CHP'de genel başkanlığa, "Hamas terör örgütüdür" diyen biri aday.
Cumartesi, Pazar günleri CHP 38. Olağan Kurultayı yapılacak. İlk gün partinin genel başkanı seçilecek.
Ekrem İmamoğlu desteği ile Kılıçdaroğlu'nun karşısına çıkan Özgür Özel, geçtiğimiz perşembe günü Zonguldak'ta İl Başkanlığı'nda konuştu.
"Tayyip Erdoğan tarafından Hamas'ın bir terör örgütü kabul edilmemesini tamamen reddediyoruz. Türkiye açısından utanç verici bir yaklaşım olarak değerlendiriyoruz. Hamas bir terör örgütüdür ve İsrail'de Filistin'de çatışmaların olmadığı, durmuş olduğu bir süreçte, bir gece yarısı sivillere yönelik roketli saldırılar bu süreci başlatmıştır."
Bu yaklaşımın İsrail, ABD, İngiltere, Almanya, Fransa ağzından hiçbir farkı yoktur.
60 yıldır her türlü insanlık dışı baskının, zulmün altında inleyen Gazzelilerin acısını, İsrail'in binlerce bebek ve çocuğu katletmesini dile getirmeyen bir CHP'li siyasetçi, üstelik genel başkanlığa aday...

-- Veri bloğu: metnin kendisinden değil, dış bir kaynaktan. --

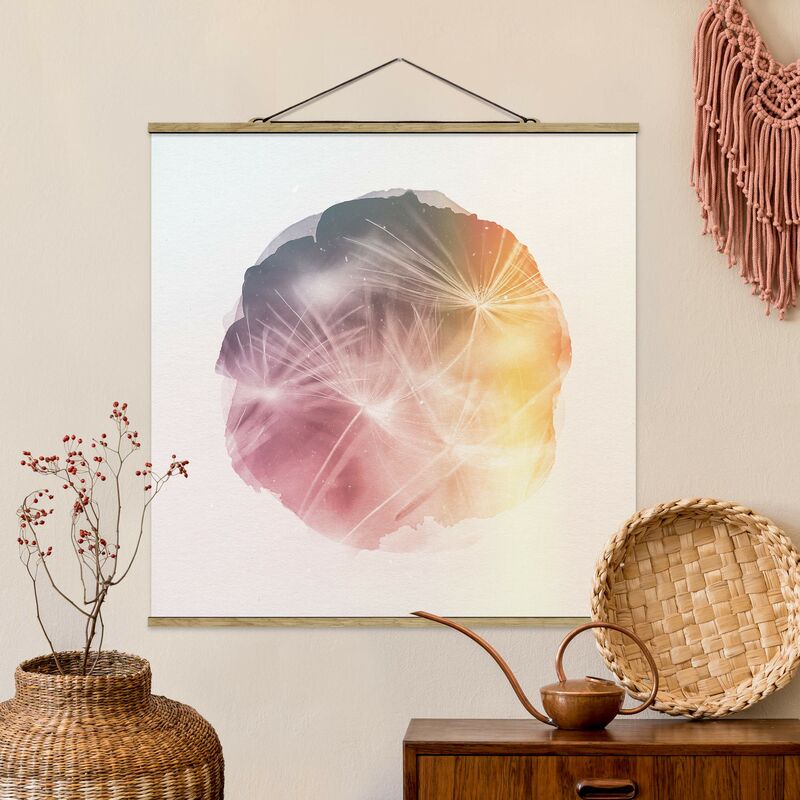 

Imagen de tela - Watercolors - Moving Dandelions Close Up On Black Background - Cuadrado 1:1 Dimensión LxA: 80cm x 80cm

Batı'nın; ateşkese yanaşmayan, katliamları eleştirmeyen, BM'yi kilitleyen duruşunu/tavrını kınamayan bir siyasetçi, hem de genel başkanlığa aday...
Cumhurbaşkanı Erdoğan'ın "Hamas terör örgütü değildir" çıkışına, tıpkı Batılı siyasetçiler gibi bozulmuş.
AK Parti grup toplantısındaki konuşmasında Cumhurbaşkanı Erdoğan, İsrail'i ve onu destekleyen Batılı ülkelere sert tepki göstermiş ve şunu demişti:
"Filistin davamızdan vazgeçmeyeceğiz. Derhâl ateşkes ilan edilmesi gerekiyor. Hamas, bir terör örgütü değil, topraklarını ve vatanını koruma mücadelesi veren bir kurtuluş ve mücahitler grubudur."
CHP, Kılıçdaroğlu yönetiminde dış politikada millî çizgiyi çoktan terk etti.
Türk askeri Afrin kapısına geldiğinde, "şehir merkezine girilmesin, katliam olur" diyen Kılıçdaroğlu'ydu.
"YPG bize mi saldıracak?" diyen Kılıçdaroğlu'ydu.
Libya'da "ne işimiz var" tepkisini veren de oydu.
En kötüsü ise Kılıçdaroğlu'nun Dış Politika Genel Başkan Yardımcısı emekli büyükelçi Ünal Çeviköz'ün söyledikleriydi.
Azerbaycan ile Ermenistan arasında Dağlık Karabağ'da tam da gerilimin tırmandığı sırada (28 Eylül 2020), katıldığı televizyon programında şunları diyebilmişti:
"Maalesef gelen haberlerde, Türkiye'den Azerbaycan'a silah yardımı yapıldığı ve söylentilere göre cihatçı grupların da Azerbaycan'a gönderildiği ifade ediliyor..."
Büyükelçilik yapmış biri söylüyor bunları.
Ve bu şahsı, Genel Başkan Yardımcısı yapan Kılıçdaroğlu...
Daha pek çok örnek sıralayabiliriz.
CHP'nin milli bir dış politikası olmadığı gibi Türkiye'nin milli savunma sanayindeki gelişmelere de köstek olma, şaibe bulaştırma çıkışlarını unutmuyoruz.
İHA'lar, SİHA'lar konusunda sadece "damat" gördüler.
Hâlbuki Karabağ'ın kurtuluşu, Libya'da Batı oyunlarının bozulması, PKK ile mücadele, sınır ötesi harekâtlar, milli savunma sanayimizin büyük hamleleri sayesinde başarıldı.
Türkiye'nin sınır güvenliği için hayatî olan sınır ötesi harekâtlarda Meclis'te tezkerelere, HDP ile birlikte hayır diyen de CHP'dir.
Özgür Özel, Kılıçdaroğlu'nun çırağıdır.
Onun da zihniyeti gayri millidir, Batı çıkarlarına paraleldir.
Bu zihniyet sahipleri ABD'yi kınayamaz, İngiltere'ye, Fransa'ya Almanya'ya laf edemez.
Sadece kendi ülkelerindeki iktidara, halkın seçtiği cumhurbaşkanına saldırırlar.
İktidarı dışarıya jurnallemek, Türkiye'nin itibarını sarsmak için Erdoğan düşmanlığı yapmak bunların siyaset anlayışıdır.